Audelio grommela sans rien rétorquer. À l’instar des éveillés, il se riva vers l’homme enchaîné à proximité du coin.

— Tu es qui, au fait ? demanda Audelio. Je te comprends à peine !

— Je suis un pirate.

Je l’avais presque oublié alors que je me posais plein de questions. Il avait été déposé la veille mais avait dormi depuis. Il portait moult ecchymoses que sa tunique en soie écarlate, déchirée par endroits, ne savait dissimuler dans son entièreté. Dès l’abord Jizo avait identifié le teint basané de sa peau et l’étroitesse de ses yeux, ainsi que son large front se plissant par-dessus son nez aquilin. Des taches de fluide vital séchées maculaient ses cheveux de jais retombant disgracieusement à hauteur de ses épaules. Que fait-il ici, si loin de son équipage ?

Sandena s’inclina et le dévisagea d’un œil inquisiteur.

— Des prisonniers de tout horizon, commenta-t-elle. Les pirates ont une réputation mitigée à Lunero Dogah, mais tu n’as pas l’air bien méchant.

— Nous le connaissons, dévoila Jizo. Il s’appelle Kwanjai. Vous deux, peut-être que vous ne connaissez pas notre histoire, mais c’est bien vrai : des pirates ont aidé des réfugiés. Les maîtres de la mer, qu’ils s’appelaient.

— Pas une appellation de première modestie. Cette histoire m’intéresse, ceci dit !

— Tu es mal placée pour parler de modestie, souffla Audelio.

Au foudroiement de regard se replia le duelliste, peu enclin à affronter la ménestrelle. Jizo et Nwelli prêtèrent toutefois peu attention à eux : fixés sur Kwanjai, ils déplorèrent les dégâts qu’il avait reçus. Ils l’ont roué de coups, ou quoi ? Ce monde est immense et pourtant nous avons les mêmes ennemis… Le pirate ne flancha pas malgré tout et conserva le peu de robustesse que la situation le lui permettait.

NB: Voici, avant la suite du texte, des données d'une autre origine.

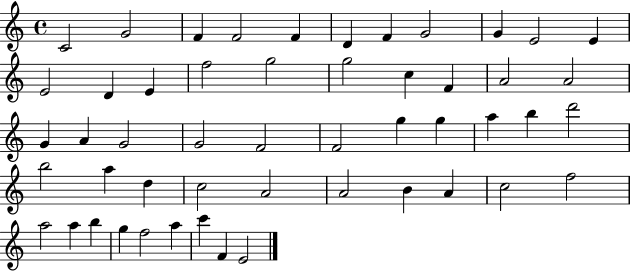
X:1
T:Untitled
M:4/4
L:1/4
K:C
C2 G2 F F2 F D F G2 G E2 E E2 D E f2 g2 g2 c F A2 A2 G A G2 G2 F2 F2 g g a b d'2 b2 a d c2 A2 A2 B A c2 f2 a2 a b g f2 a c' F E2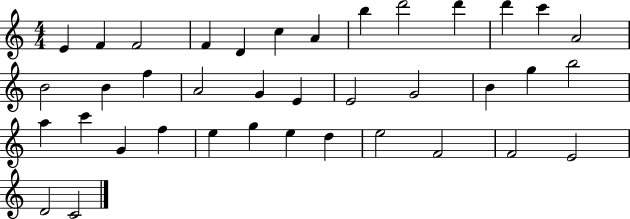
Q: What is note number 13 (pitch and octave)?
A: A4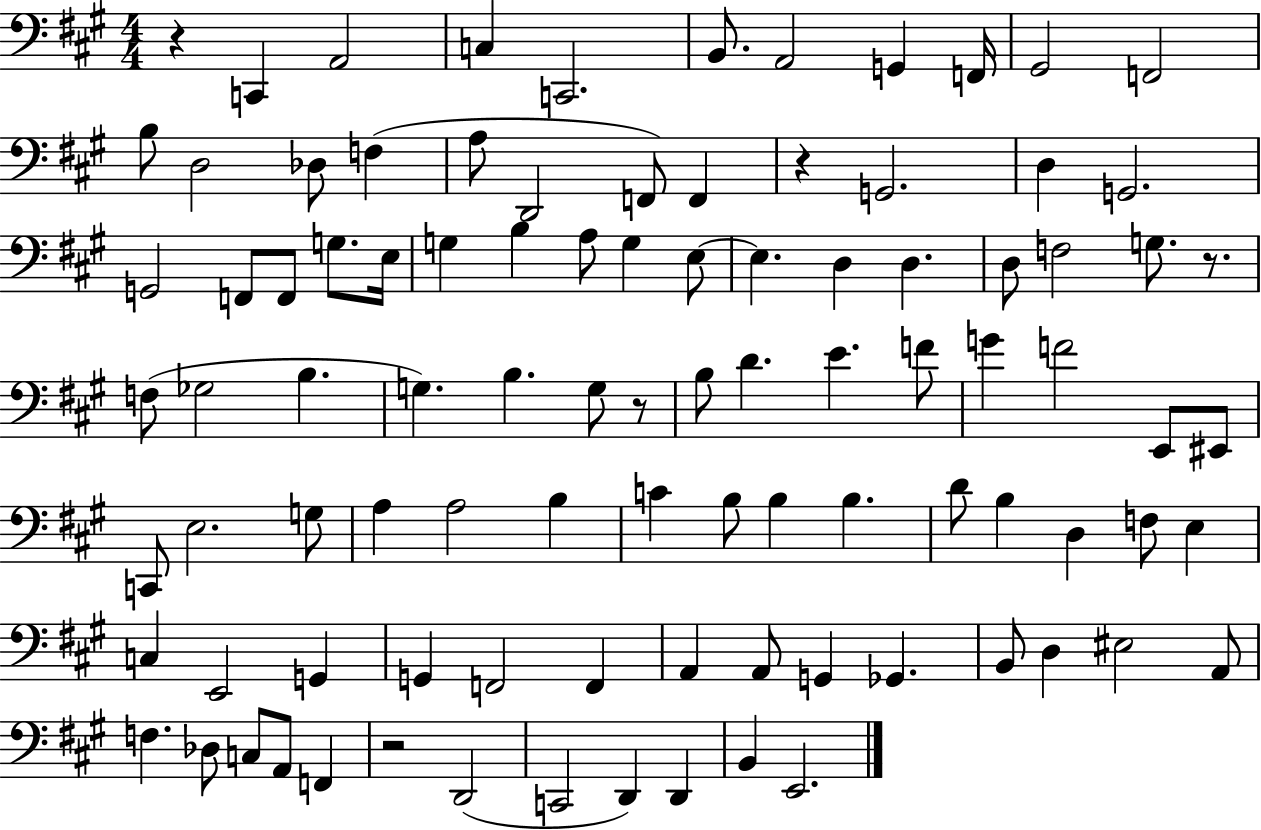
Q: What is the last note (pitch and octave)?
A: E2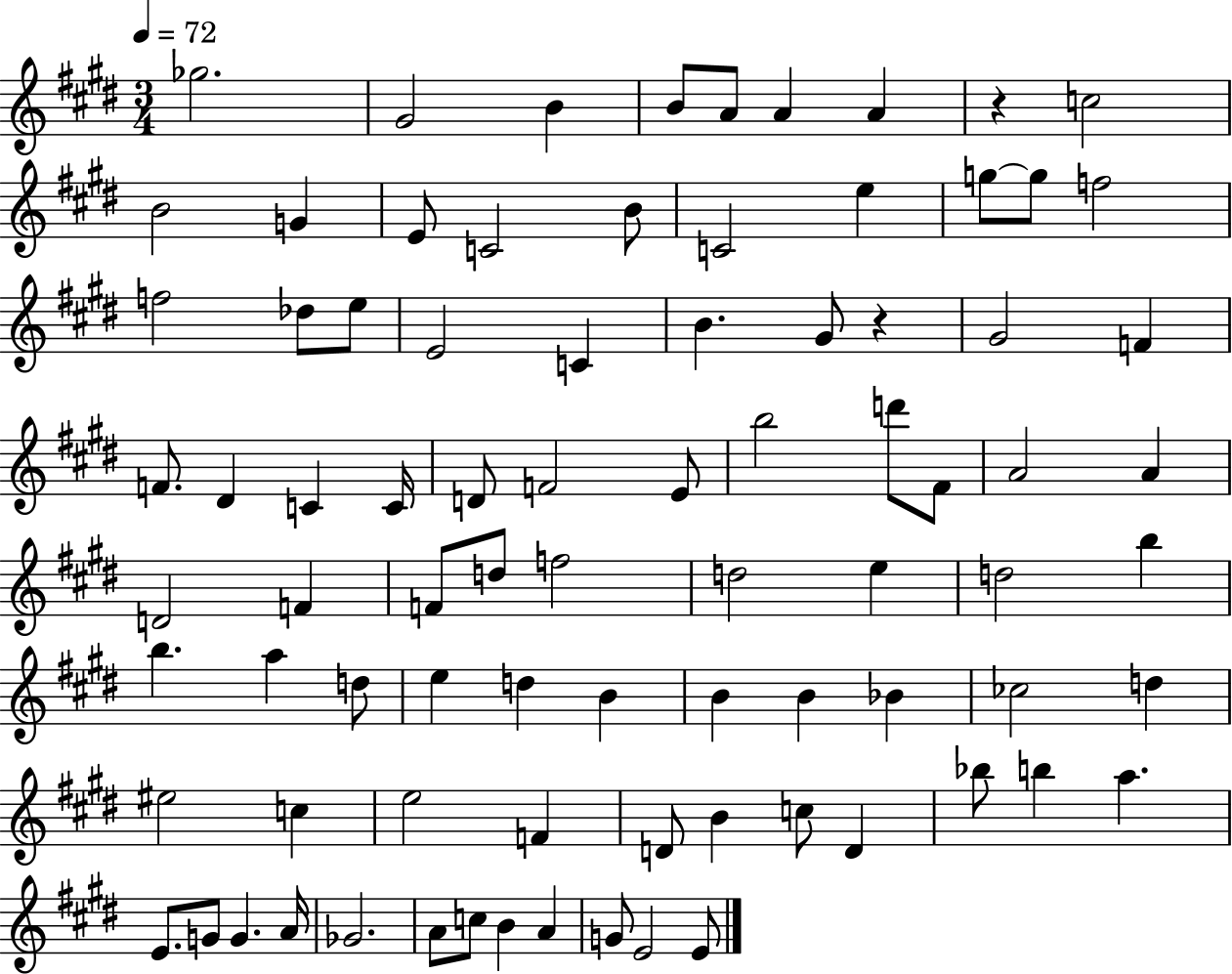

— Vous vous demandez sans doute comment je me suis retrouvé là ? lança-t-il. Je sais déjà pour vous, en écoutant vos conversations… Je n’ai pas le sommeil très lourd.

— Oui ! confirma Nwelli. Pardonne-moi de t’assaillir mais… Vous vous en êtes sortis ? Avez-vous triomphé des inquisiteurs et des mercenaires ? Tu t’es séparé de ton équipage ? Si oui, comment ?

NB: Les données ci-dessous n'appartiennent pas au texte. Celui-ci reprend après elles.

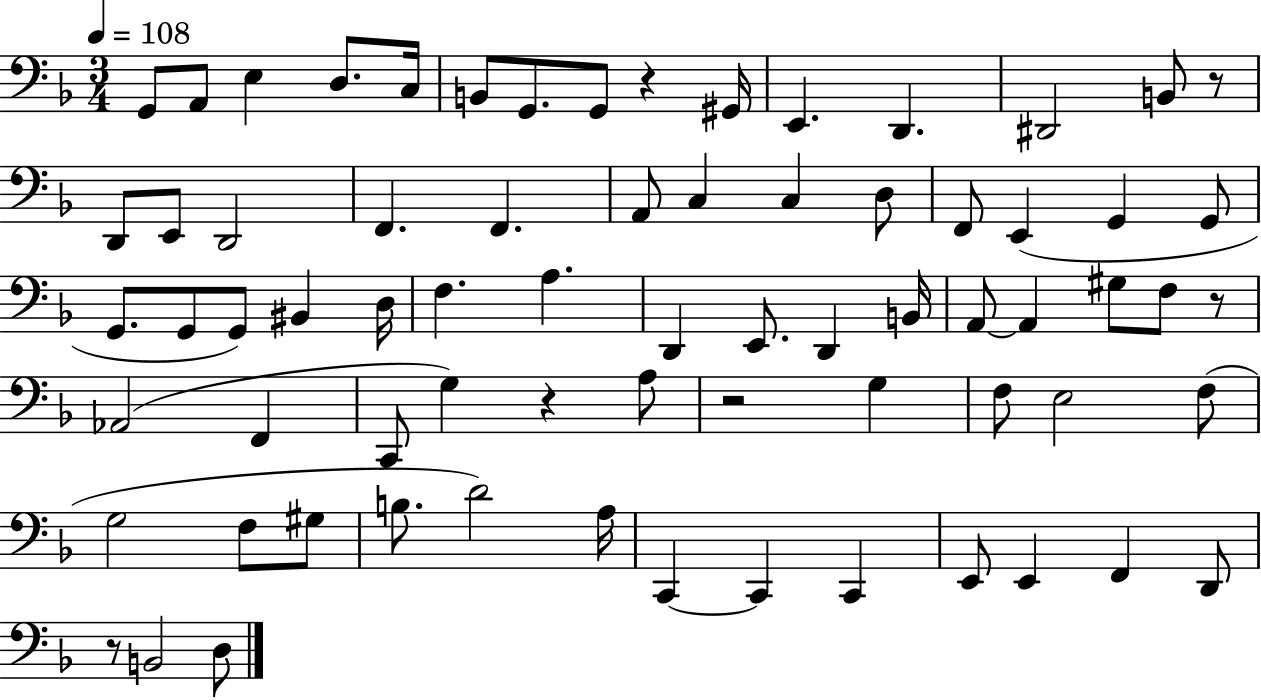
G2/e A2/e E3/q D3/e. C3/s B2/e G2/e. G2/e R/q G#2/s E2/q. D2/q. D#2/h B2/e R/e D2/e E2/e D2/h F2/q. F2/q. A2/e C3/q C3/q D3/e F2/e E2/q G2/q G2/e G2/e. G2/e G2/e BIS2/q D3/s F3/q. A3/q. D2/q E2/e. D2/q B2/s A2/e A2/q G#3/e F3/e R/e Ab2/h F2/q C2/e G3/q R/q A3/e R/h G3/q F3/e E3/h F3/e G3/h F3/e G#3/e B3/e. D4/h A3/s C2/q C2/q C2/q E2/e E2/q F2/q D2/e R/e B2/h D3/e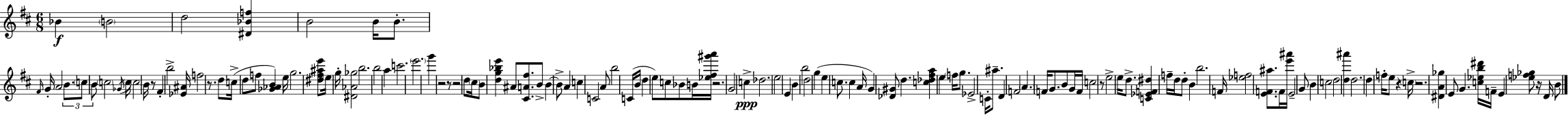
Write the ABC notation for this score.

X:1
T:Untitled
M:6/8
L:1/4
K:D
_B B2 d2 [^D_Bf] B2 B/4 B/2 ^F/4 G/4 A2 B/2 c/2 B/2 c2 _G/4 c/4 c2 B/4 z/2 ^F b2 [_E^A]/4 f2 z/2 d/2 c/4 d/2 f/2 [_G_AB] e/4 g2 [^d^f^ae']/2 e/4 g/4 [^D_A_g]2 b2 b2 a c'2 e'2 g' z2 z/2 z2 d/2 ^c/4 B/2 [dg_be'] ^A/2 [^CA^f]/2 B/2 B B/2 A c C2 A/2 b2 C/4 B/4 d e/2 c/2 _B/2 B/4 [_e^f^g'a']/4 z2 G2 c _d2 e2 E B b2 d2 g e c/2 c A/4 G [_D^G]/2 d [c_d^fa] e f/4 g/2 _E2 C/4 ^a/2 D F2 A F/4 G/2 B/2 G/4 F/4 c2 z/2 e2 e/4 d/2 [C_EF^d] f/4 d/4 d/2 B b2 F/4 [_ef]2 [EF^a]/2 F/4 [e'^a']/4 E2 G/2 B c2 d2 [d^a'] d2 d f/4 e/2 z c/4 z2 [^DA_g] E/2 G [c_eb^d']/4 F/4 E [_ef_g]/2 z/4 D/4 B/2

— Ça fait beaucoup. Mais je peux être bref. Oui, malgré quelques pertes, nous avons gagné. Docini a décapité Adelam de la plus belle des manières, puis s’est alliée avec les inquisiteurs radicaux pour rejoindre la branche modérée, si j’ai bien suivi… Ce que j’ai compris, c’est qu’elle a abandonné sa vie de pirate pour affronter sa propre sœur. J’étais conscient qu’elle ne resterait pas avec nous, mais ça nous a quand même fendus le cœur.

— Oh, oui, je me souviens d’elle. Un pauvre brin de femme. Même si elle avait sans doute le double de ma taille et de mes muscles.

— Tu l’as dit. Plus d’inquisiteurs et plus de Rodulim sur notre passage. Nidroska a affirmé que nous devions explorer d’autres horizons. Le plan, c’était d’abord de continuer vers le nord, avant de rebrousser chemin et d’explorer les côtes ouest du continent. Un très long voyage, pour sûr. Lunero Dogah ne devait être qu’une étape, et bon sang, quelle magnifique ville !

— Nous sommes d’accord, interrompit Sandena. Tu es peut-être un peu rustre, mais tu as bon goût.

— Je vais prendre ça pour un compliment. Les réjouissances ont peu duré… Car mon passé a fini par me rattraper.

— Tu as un passif avec les Shozam ? s’étonna Nwelli.

Des tressaillements parcoururent Kwanjai à la mention de leur nom.

— Je n’en ai jamais parlé à mon équipage. Je leur avais raconté mon passif avec Ammara, capitaine de la garde de mon village natal. Par contre, je ne leur avais jamais dit que j’ai voulu engager des mercenaires pour la tuer, et enfin être vengé. Je suis tombé sur les Shozam. Je leur ai promis une somme d’argent que je n’avais pas, avant de leur fausser compagnie sans avoir révélé que j’étais un pirate. Ils m’ont rattrapé… C’est ma faute, mais aussi la leur. Ce ne sont pas de simples mercenaires. Ils sont plus dangereux encore que les Rodulim.

— Pourquoi voulais-tu faire tuer Ammara ? se renseigna Nwelli. Assassiner des gens, ce n’est pas bien !

— Une autre histoire à raconter, donc…

Un grondement coupa court à la conversation.